**Data for the task**.

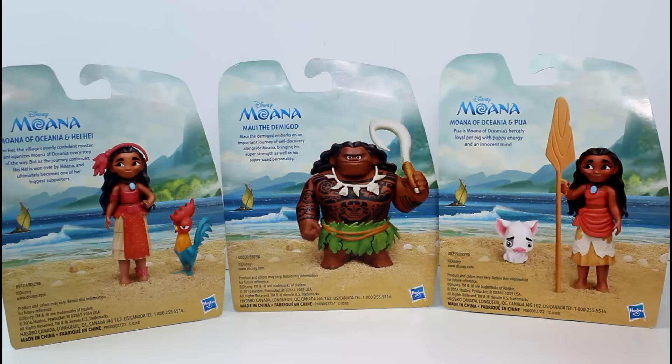They have little paragraphs on the back. Hei Hei, the village's overly confident rooster, antagonizes Moana of Oceana every step of the way, but as the journey continues, Hei Hei is won over by Moana and ultimately becomes one of her biggest supporters. And Maui, the demigod, embarks on an important journey of self-discovery alongside Moana, bringing his super strength as well as his super-sized personality. Pua is Moana of Oceana's fiercely loyal pet pig with puppy energy and an innocent mind.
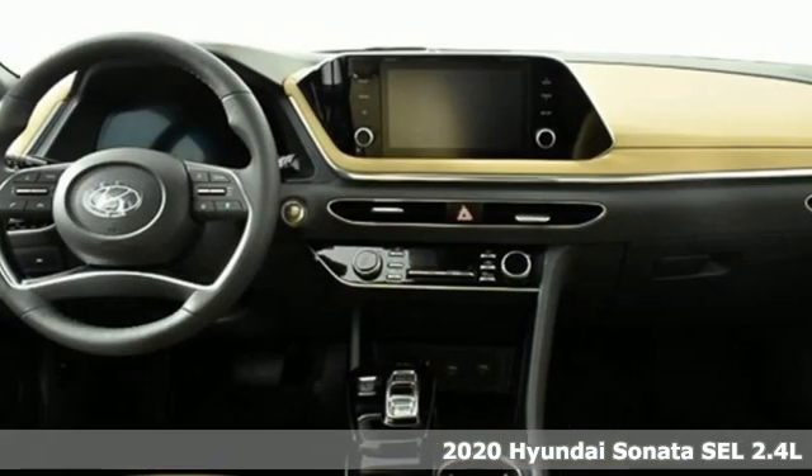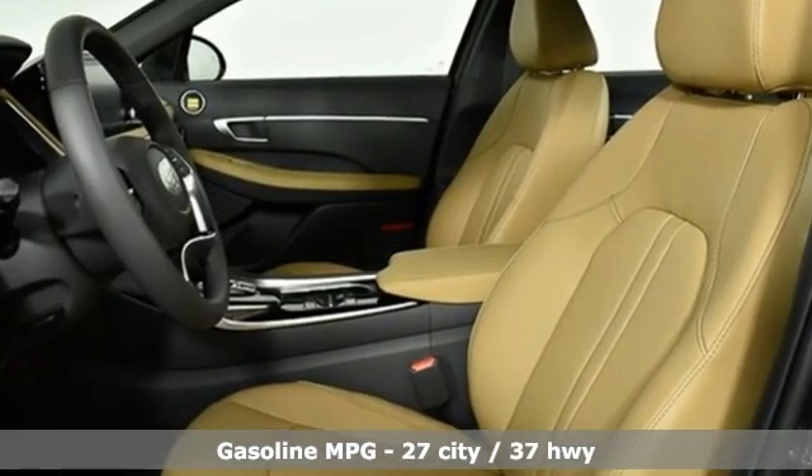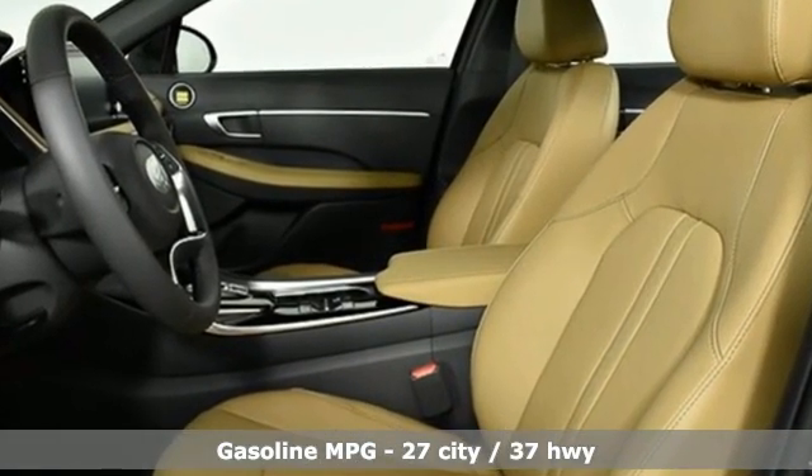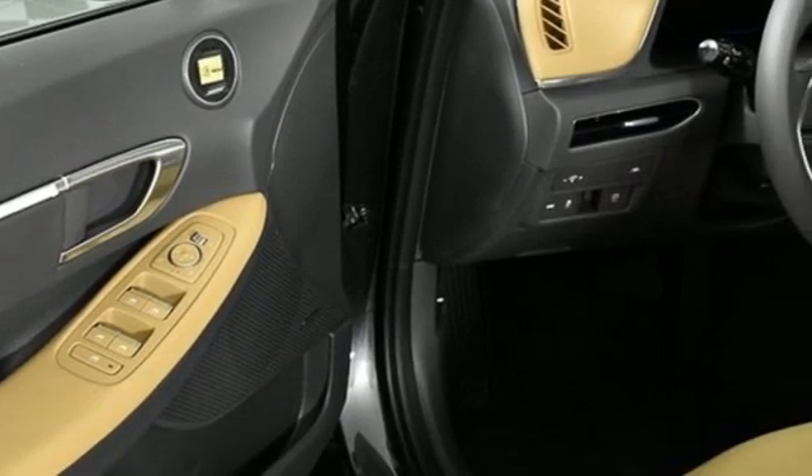It comes nicely equipped with features you'll love: streaming audio, remote engine start smart device, front heated leather bucket seats, autonomous cruise control, and inductive device charging.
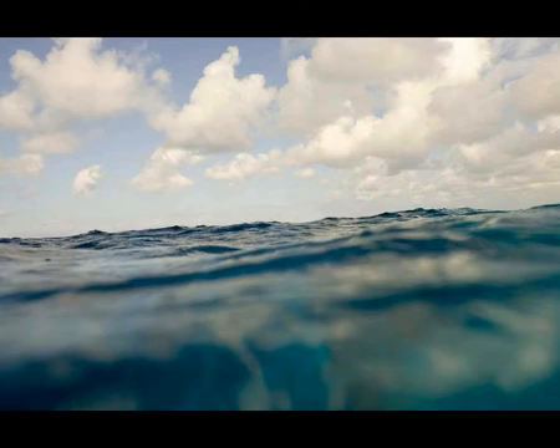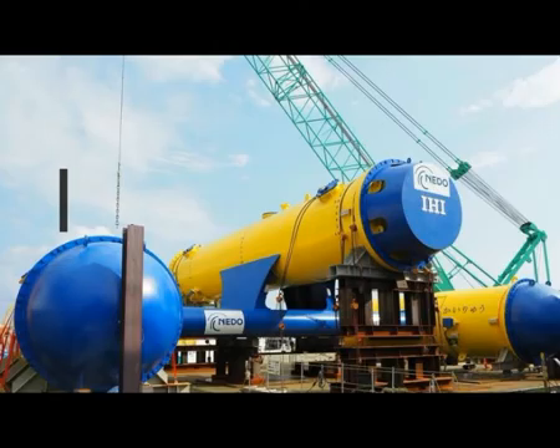Kaiiru was designed to hover roughly 50 meters — about 150 feet — below the waves. As it floats towards the surface, the drag created provides the necessary torque in the turbines. Each of the blades also rotates in an opposing direction, keeping the device relatively stable.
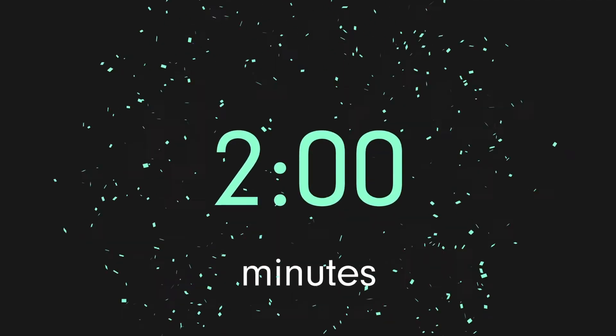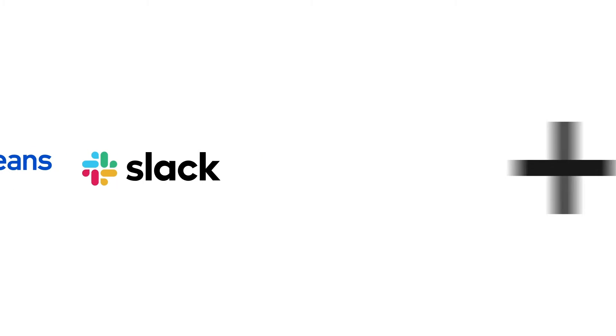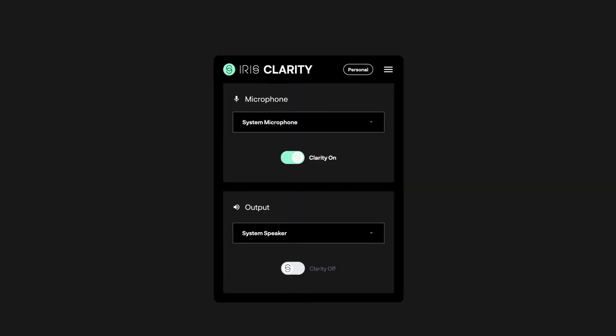Available for Windows and Mac, Iris Clarity takes two minutes to set up and works with all common video conference apps such as Zoom, Teams, and Meet. Try it today and bring some clarity to your calls.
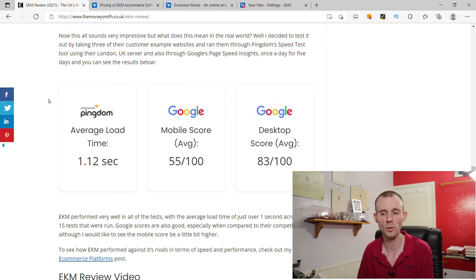The mobile score was also good at 55 out of 100. I'd like this to be a little bit higher because mobile is becoming more and more important in e-commerce. The desktop score was really good at 83 out of 100. Overall, these scores put them towards the top of the tables when it comes to e-commerce performance testing for UK platforms.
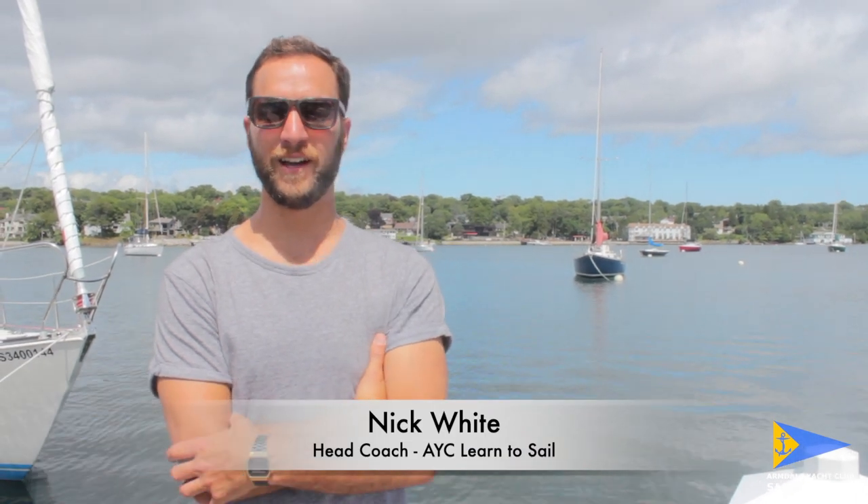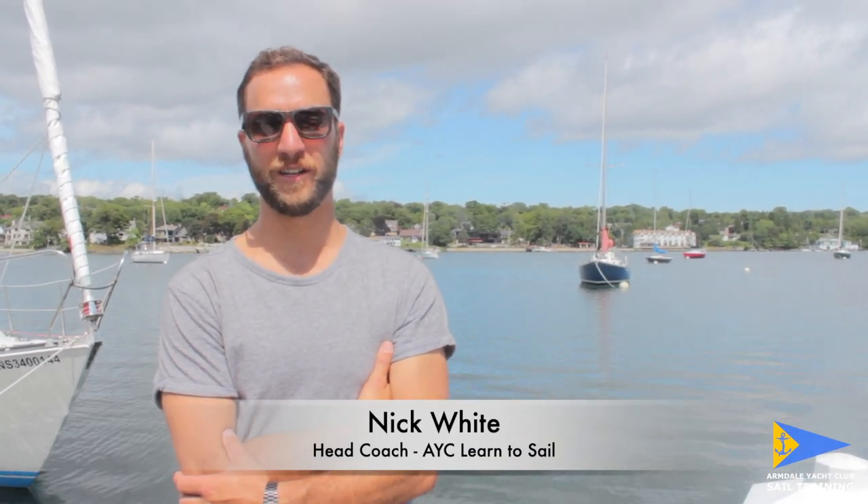My name is Nick Wyatt. I'm the head instructor of the Armdale Yacht Club's Learn to Sail program. Our goal here is to offer an accessible and inclusive program so that anyone can come down here, get out on a boat, start learning how to sail, and get involved in the sport.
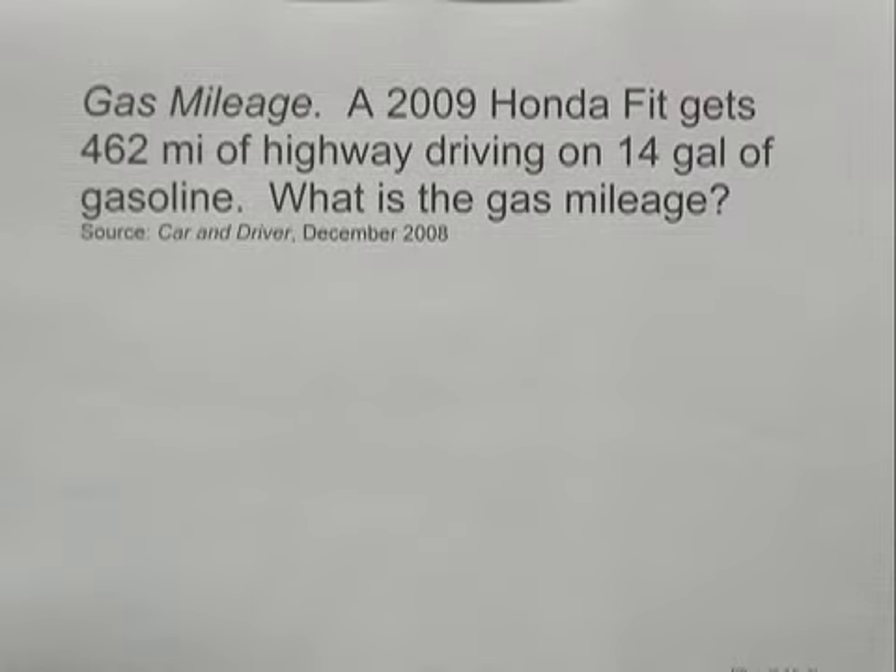A 2009 Honda Fit gets 462 miles of highway driving on 14 gallons of gasoline. What is the gas mileage?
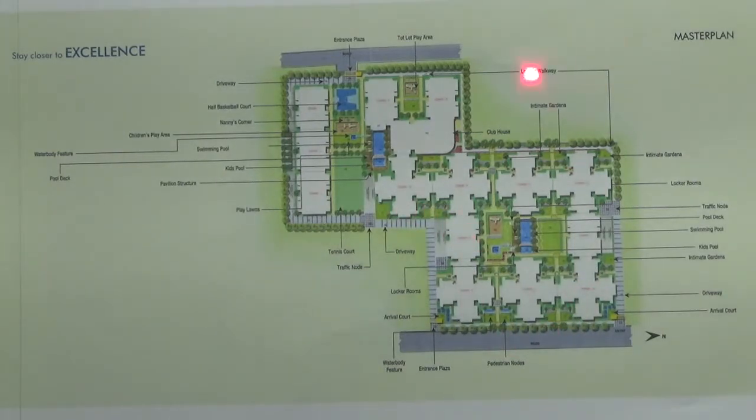There is one club house in this project of approximately 12,000 square feet. There are also 2 swimming pools — here you have one swimming pool for adults and beside it one toddler's pool, and here is one more swimming pool along with another toddler's pool.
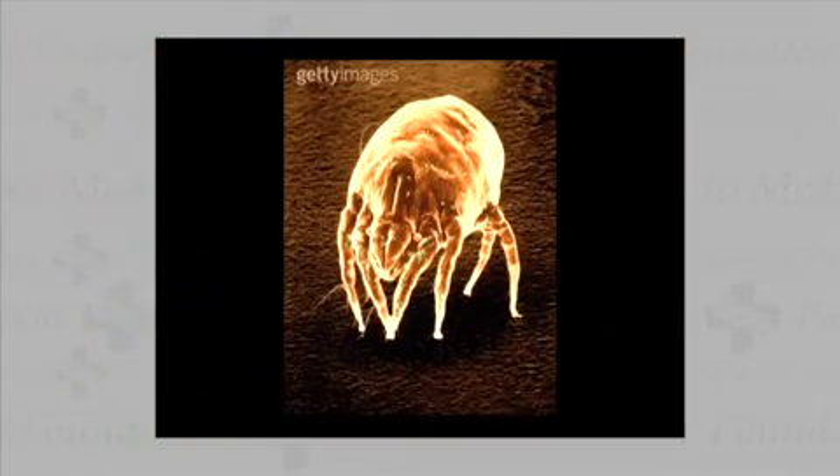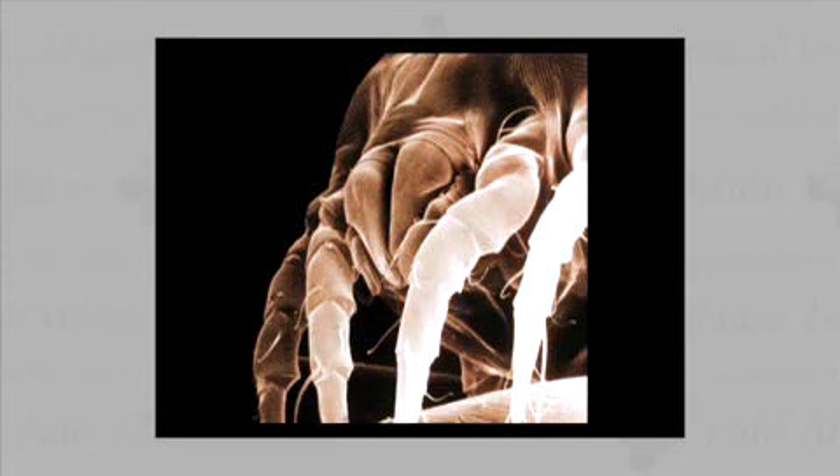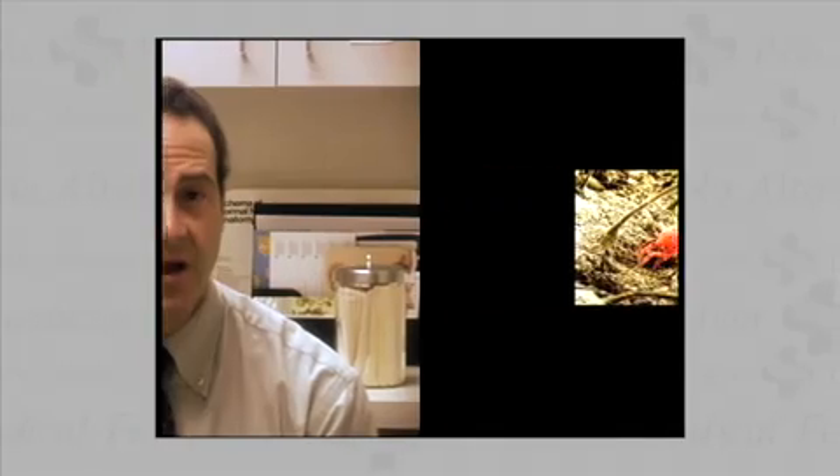The dust mites live on shed human skin. Everybody makes new skin and sheds old skin, and where the dust mites live is not on you but wherever you shed your skin — and where you shed your skin the most is in bed.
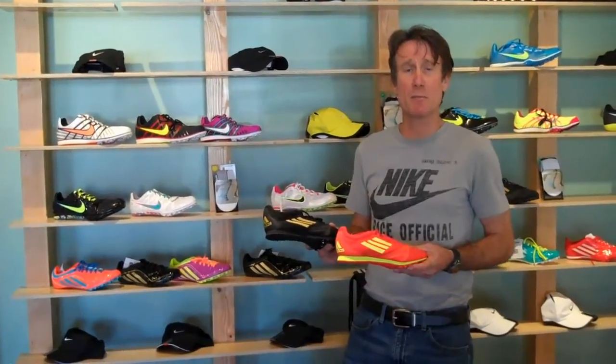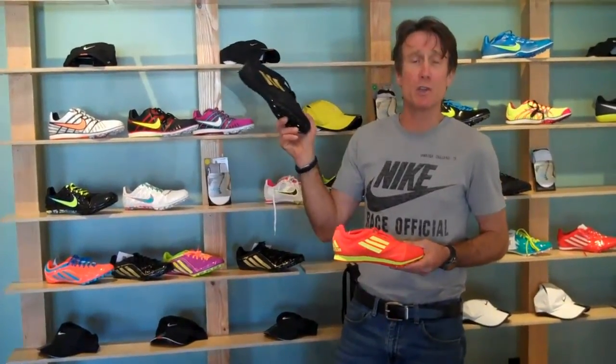Hi, I'm Jeff with the Los Angeles Running Company here in Newhall, California. I want to talk a little bit about some of the new spikes that have come in for the season. From Adidas, we have the new distance shoe — it's called the Ariba.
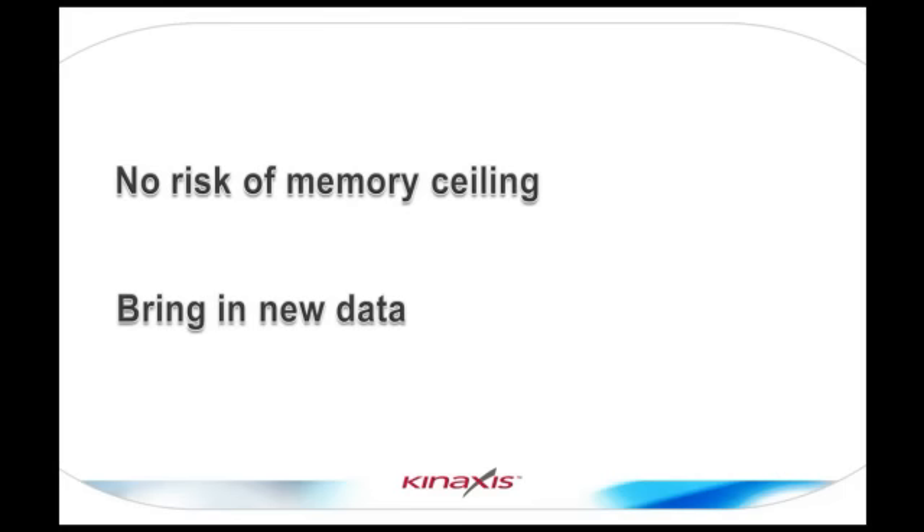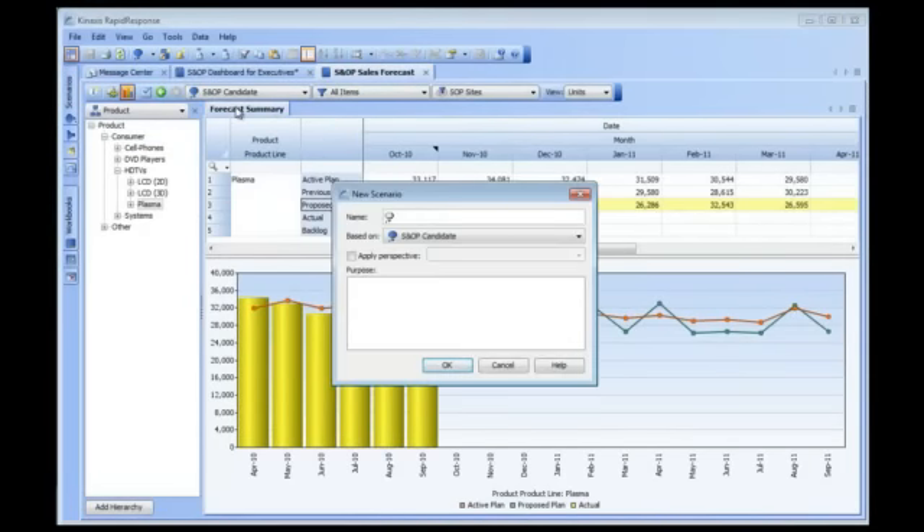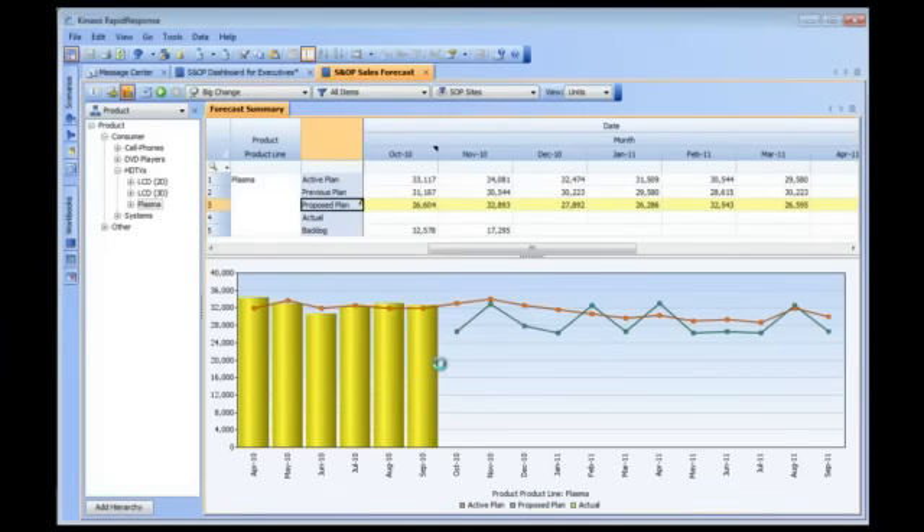It also means that you can bring in new kinds of data, perhaps that you hadn't considered before. For the S&OP process, many of our customers want to do a statistical forecast, and so that means importing several years of historical data with which the statistical forecast is built. There's plenty of room now for that.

**Work task**. To complete this exercise, transcribe exactly the lines above from the one that holds "Kaiiru was designed" through the one that holds "Available for Windows". Pictures stay out.

**Result of the exercise**.
Kaiiru was designed to hover roughly 50 meters — about 150 feet — below the waves. As it floats towards the surface, the drag created provides the necessary torque in the turbines. Each of the blades also rotates in an opposing direction, keeping the device relatively stable.
Available for Windows and Mac, Iris Clarity takes two minutes to set up and works with all common video conference apps such as Zoom, Teams, and Meet. Try it today and bring some clarity to your calls.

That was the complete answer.